Extracted entries below:

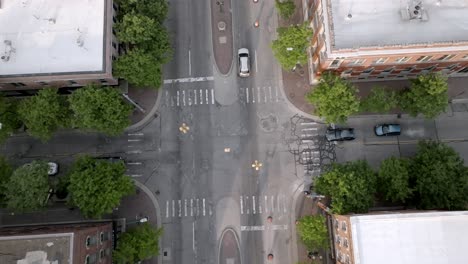 downtown ypsilanti, michigan intersection with drone video overhead stable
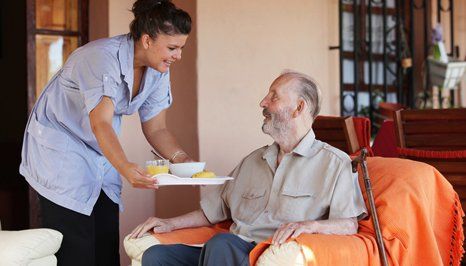 carer offering food for an elderly in-mate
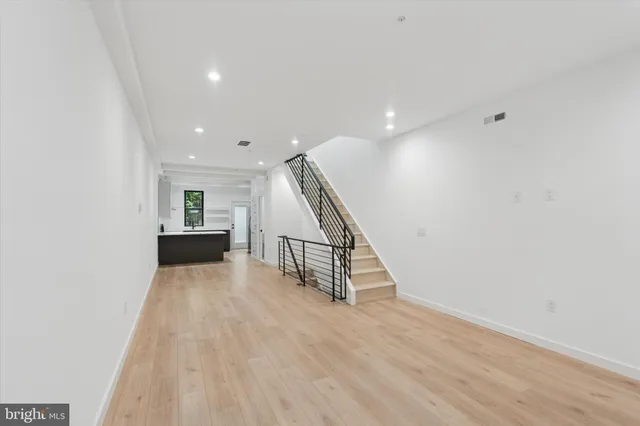 a view of entryway with wooden floor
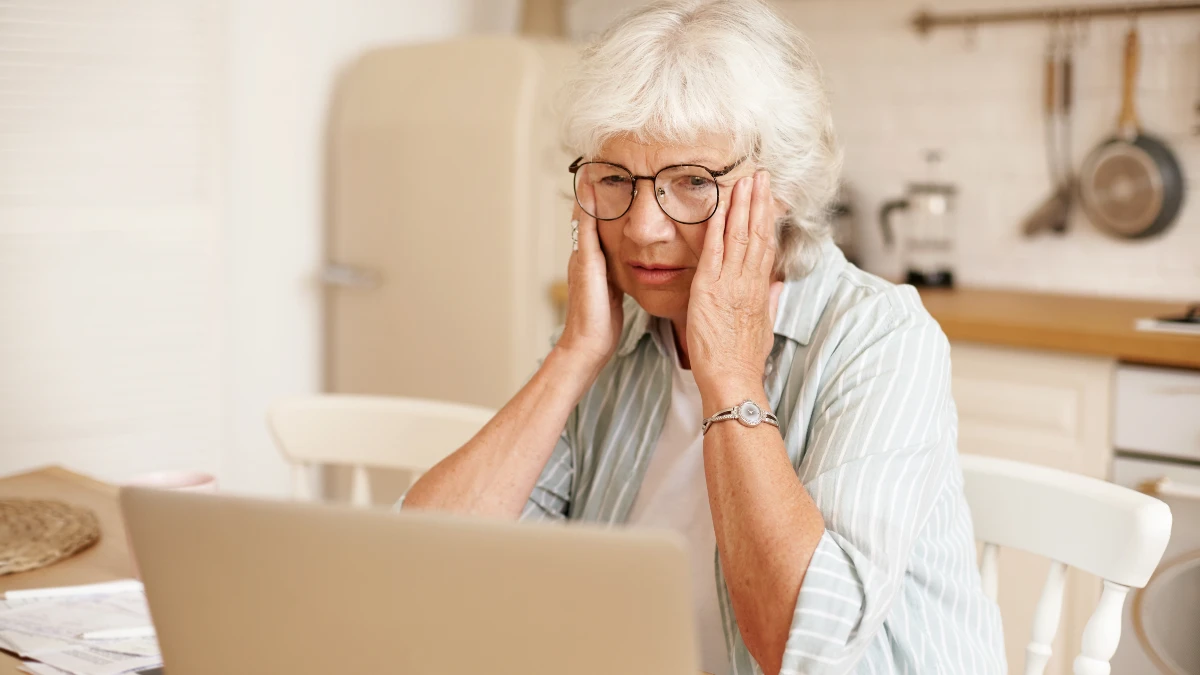 Mature woman experiencing brain fog after 50 while trying to focus on her laptop in a home office.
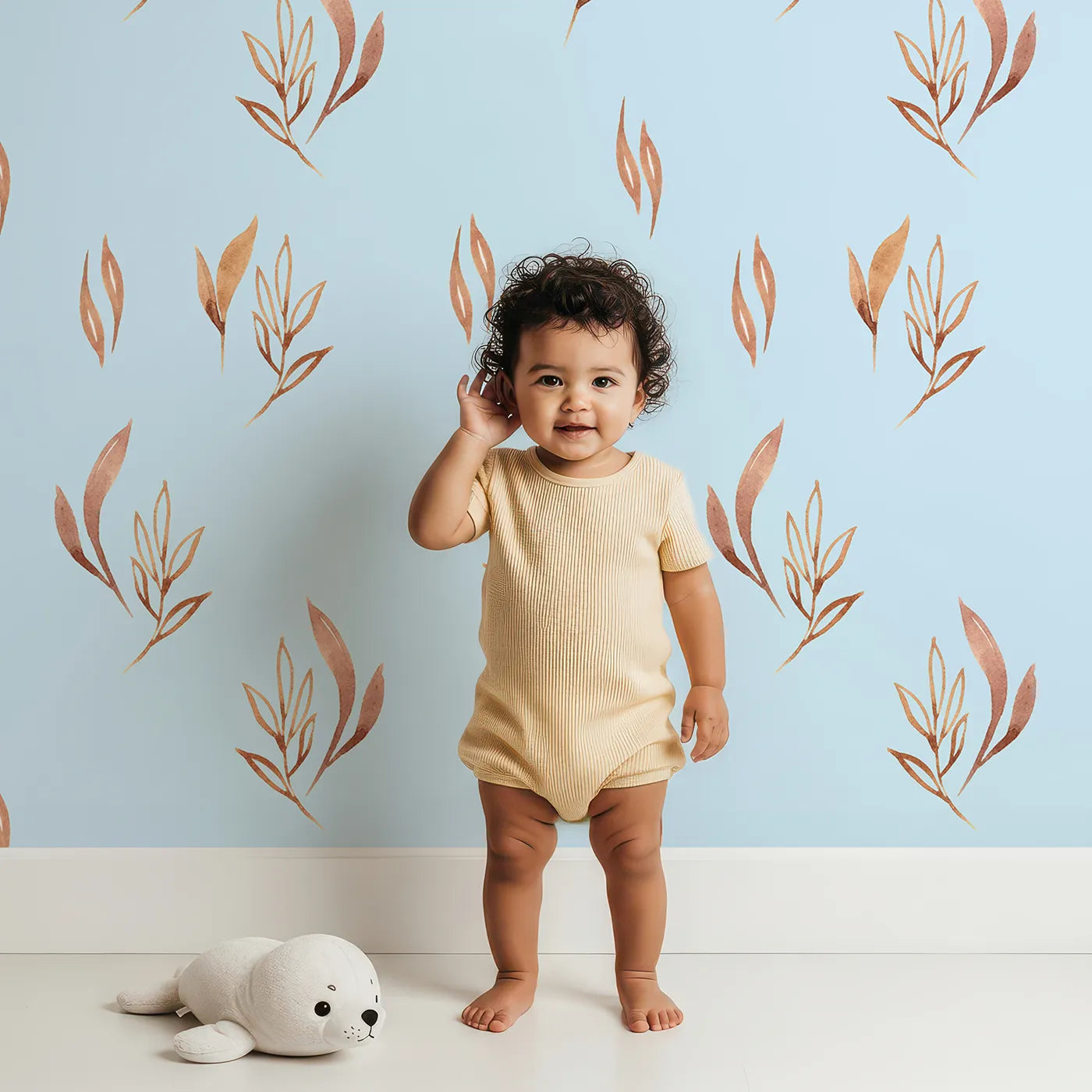 Lovely child standing in front of Whimsy Tots Rustling Meadow Sprigs Wallpaper in Sky with leaf, sprig, botanical, plant in design.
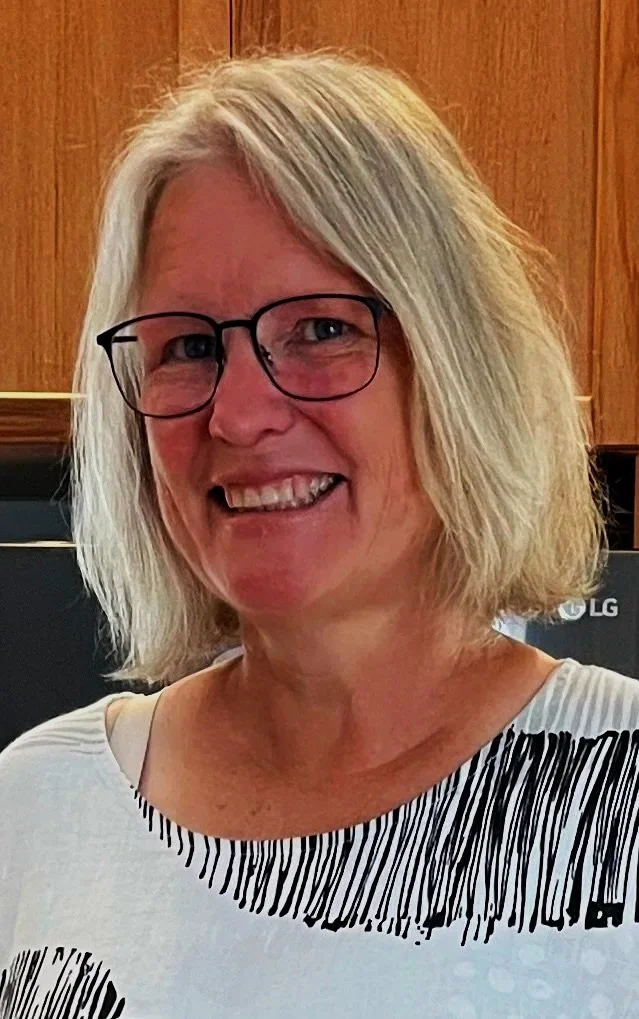 A woman with shoulder-length blonde hair, glasses, and a striped top smiling in an indoor setting with wooden paneling in the background.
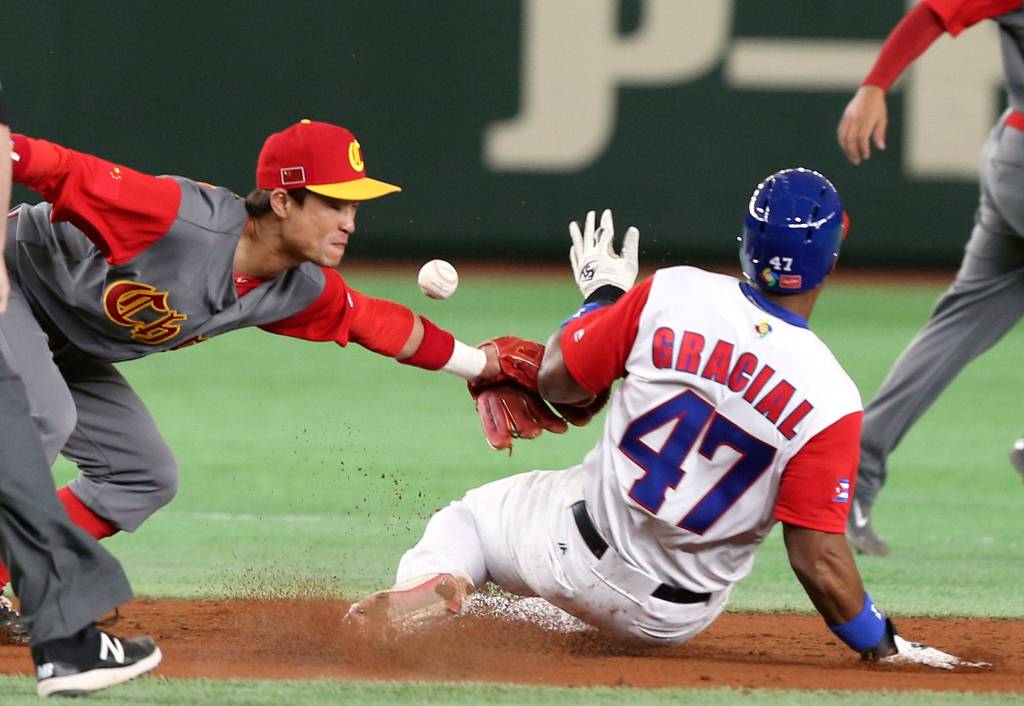 Cuba&rsquo;s Yurisbel Gracial steals second base as the ball gets away from China second baseman Du Xiaolei during the second inning of their first-round game Wednesday at the World Baseball Classic in Tokyo. (AP Photo/Koji Sasahara)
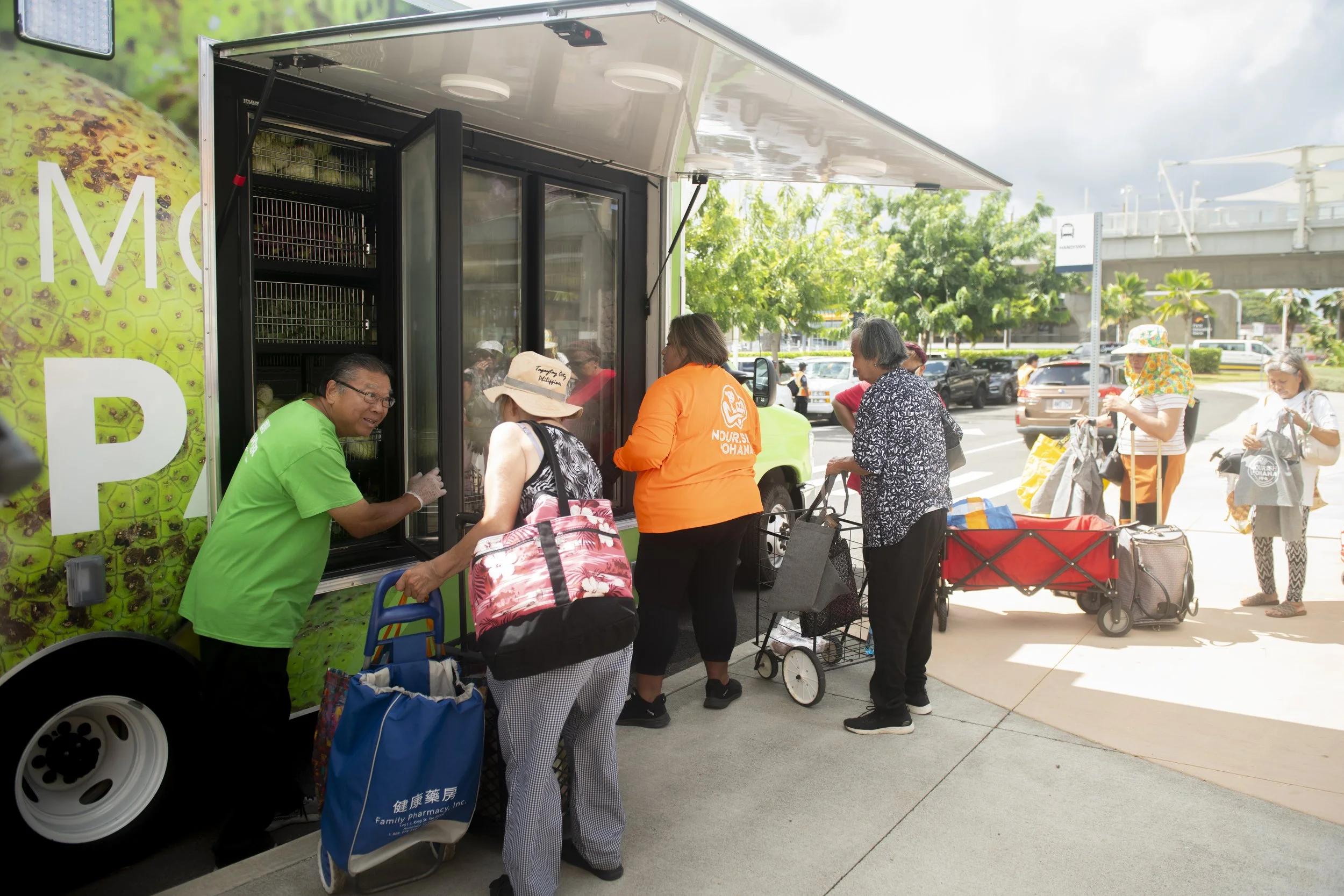 A mobile pantry set up at Skyline’s Hō‘ae‘ae Station with people receiving fresh vegetables.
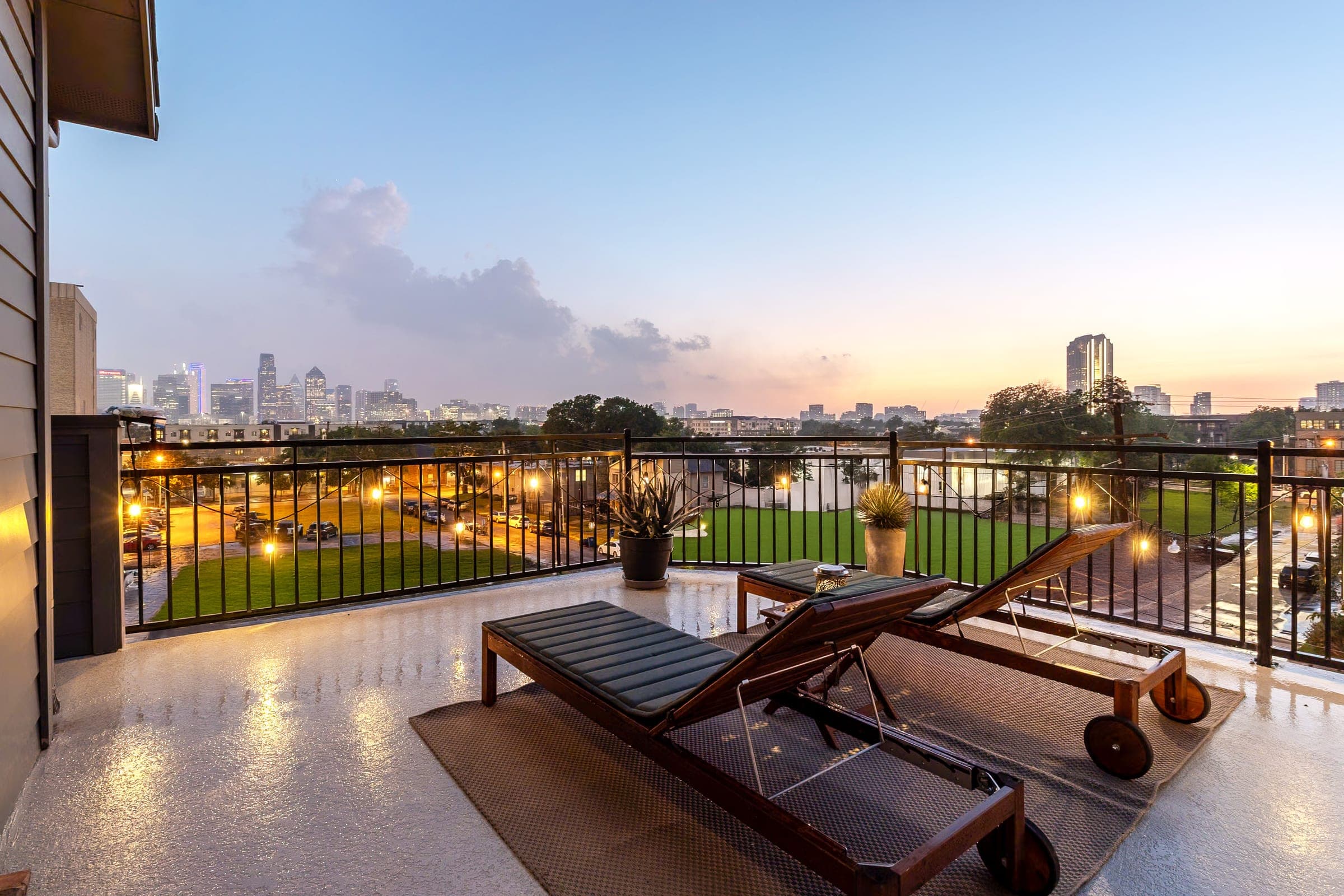 Rooftop balcony lounge chairs overlooking the Dallas skyline at twilight
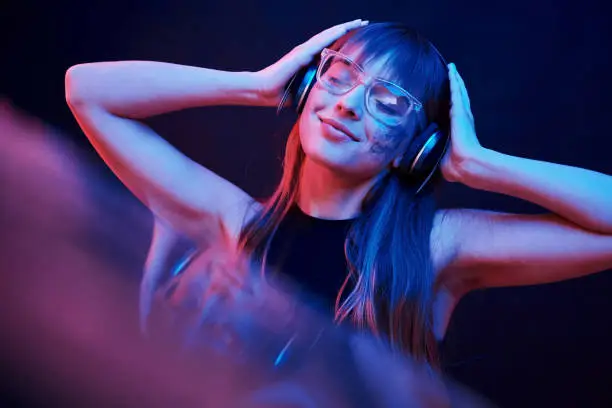 Photo of Stylish glasses. Studio shot in dark studio with neon light. Portrait of young girl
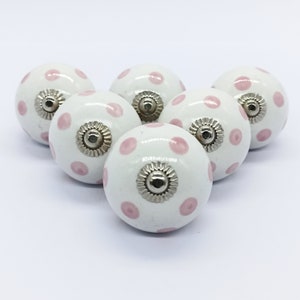 Op de afbeelding: Zes witte keramische knoppen met roze stippen en zilveren accenten.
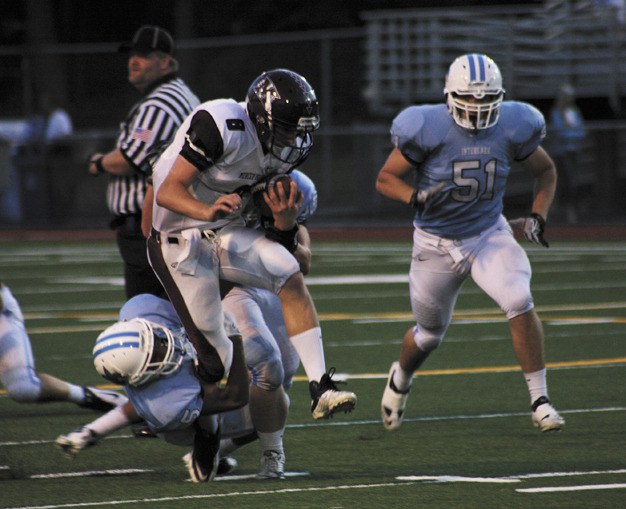 Mercer Island’s Brian Higgins (8) gets dragged down by Interlake’s Evan Turman (5) during the Islanders win at Interlake on Friday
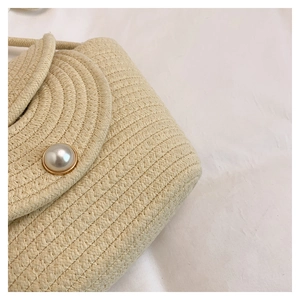 Dettaglio borsa a secchiello intrecciata beige con fibbia elegante in maxi perla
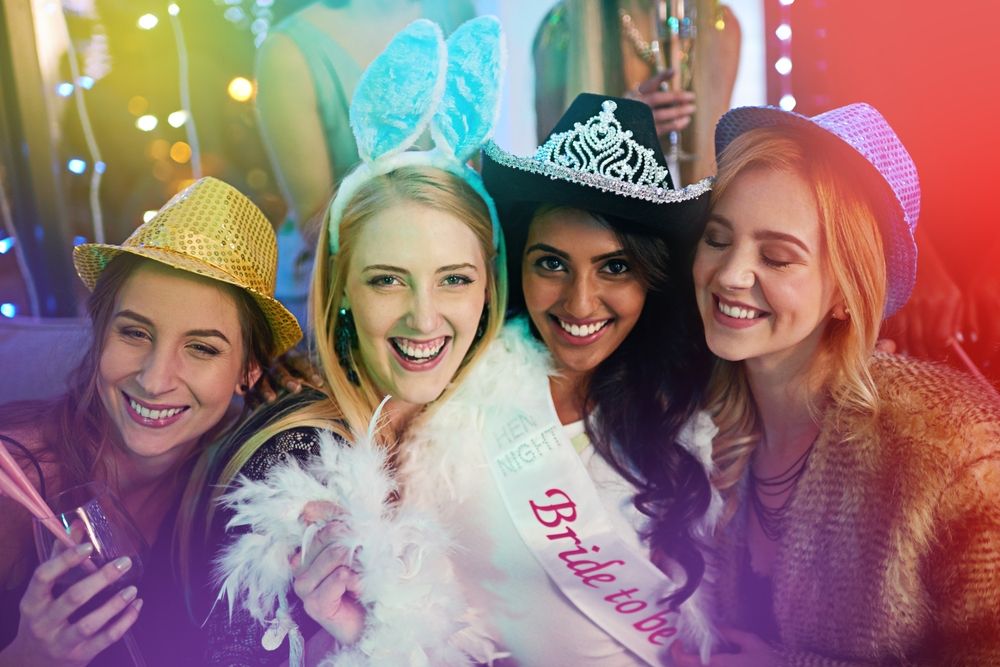 Group of smiling people wearing party hats and a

End of Extracted entries.

Exercise instructions.
Starting with the line that contains "Photo of Stylish", reproduce every line down to the end of the listing above, both endpoints included. Pictures stay out.

Output below.
 Photo of Stylish glasses. Studio shot in dark studio with neon light. Portrait of young girl
 Op de afbeelding: Zes witte keramische knoppen met roze stippen en zilveren accenten.
 Mercer Island’s Brian Higgins (8) gets dragged down by Interlake’s Evan Turman (5) during the Islanders win at Interlake on Friday
 Dettaglio borsa a secchiello intrecciata beige con fibbia elegante in maxi perla
 Group of smiling people wearing party hats and a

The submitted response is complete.